As we had breakfast at our cabin on day two, we awaited the passing of the hundred or so riders on the annual 114 mile Mickelson Trail Trek which just happened to be the same weekend. By the time we got packed up and ready to ride the 32 miles planned for day two, the first trail trekkers pedaled by from the south on their final day of riding. Heading in the opposite direction from the trekkers, we enjoyed waving and smiling to each person as we passed. We saw young kids and families, mountain bikes and cruisers, riders decked out in colorful cycling jerseys and others in skirts or jeans.

“Mom, did you see that?” exclaimed Flynn, as he pointed to a woman who looked to be in her 80s and was riding a vintage cruiser bike with a wicker basket and leaving a trail of dust in her speedy wake. I shamelessly reminded the kids of this woman’s amazing energy later in the day when they were whining about being too tired to pedal any further.
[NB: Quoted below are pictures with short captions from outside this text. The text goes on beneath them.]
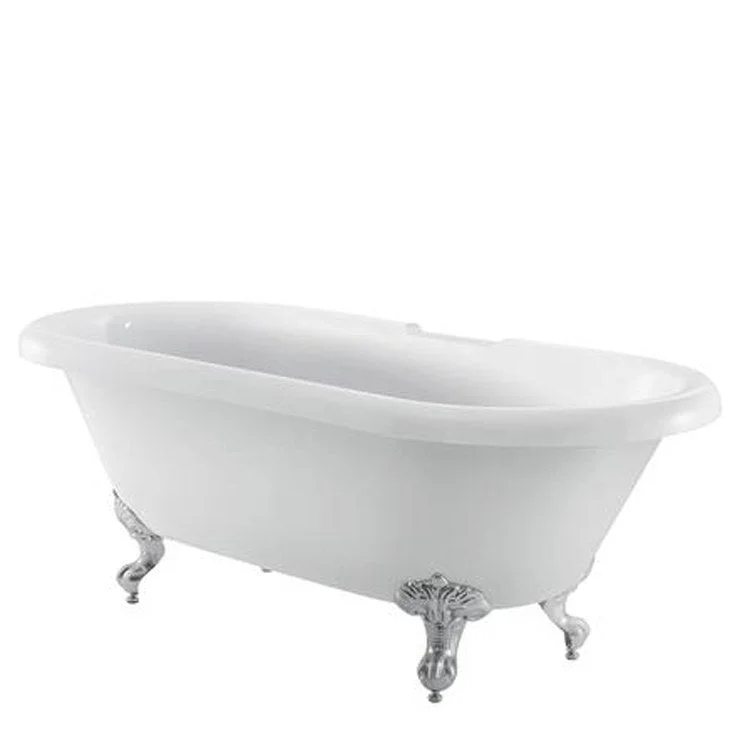 Freestanding Tub Claudia 69 Inch Double Roll Top Oval Acrylic White/Polished Chrome Imperial Feet 7 Inch Center Faucet Holes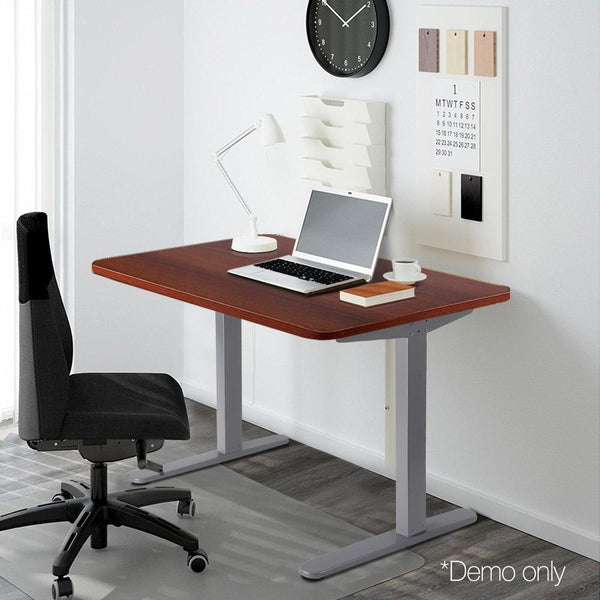 100cm Motorised Electrical Adjustable Frame Standing Desk - Walnut
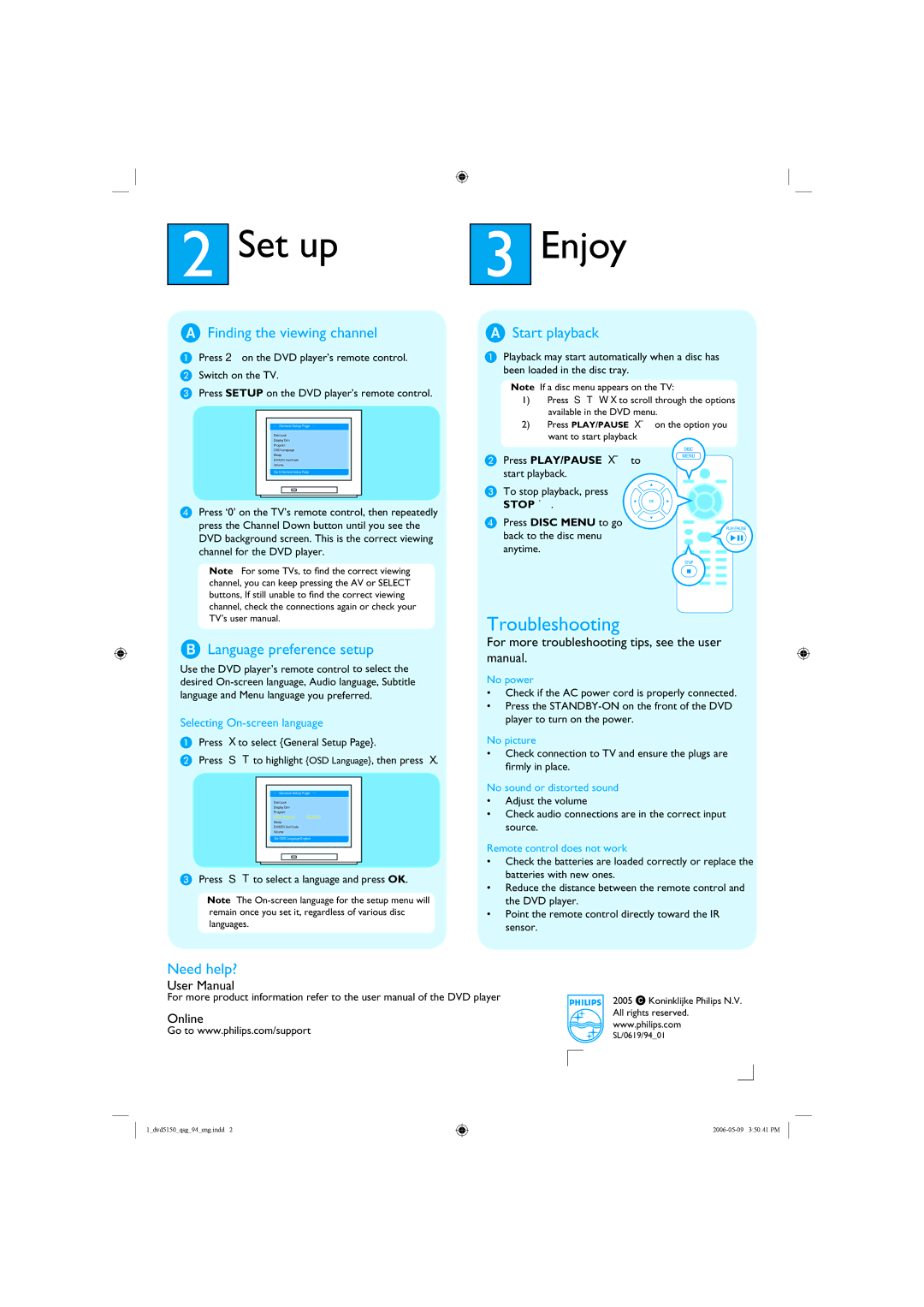 Philips DVP 5150 Set up Enjoy, Finding the viewing channel, Language preference setup, Start playback, Need help?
In a short while we arrived in tiny Rochford, where we visited the Moonshine Gulch Saloon, known for its storied history and eclectic decorations consisting of ball caps and business cards stapled to every inch of the ceiling. We were there too early for their famous burgers, so we ate a snack at the quaint Rochford “Mall.” From there it was several long slow uphills and breezy downhills into Hill City. Once checked into our hotel, we visited Teddy Bear Town, a house packed to the brim with stuffed animals of every type and size from all over the world, most donated by visitors. Many other attractions such as riding the steam-powered 1880 train await families in Hill City.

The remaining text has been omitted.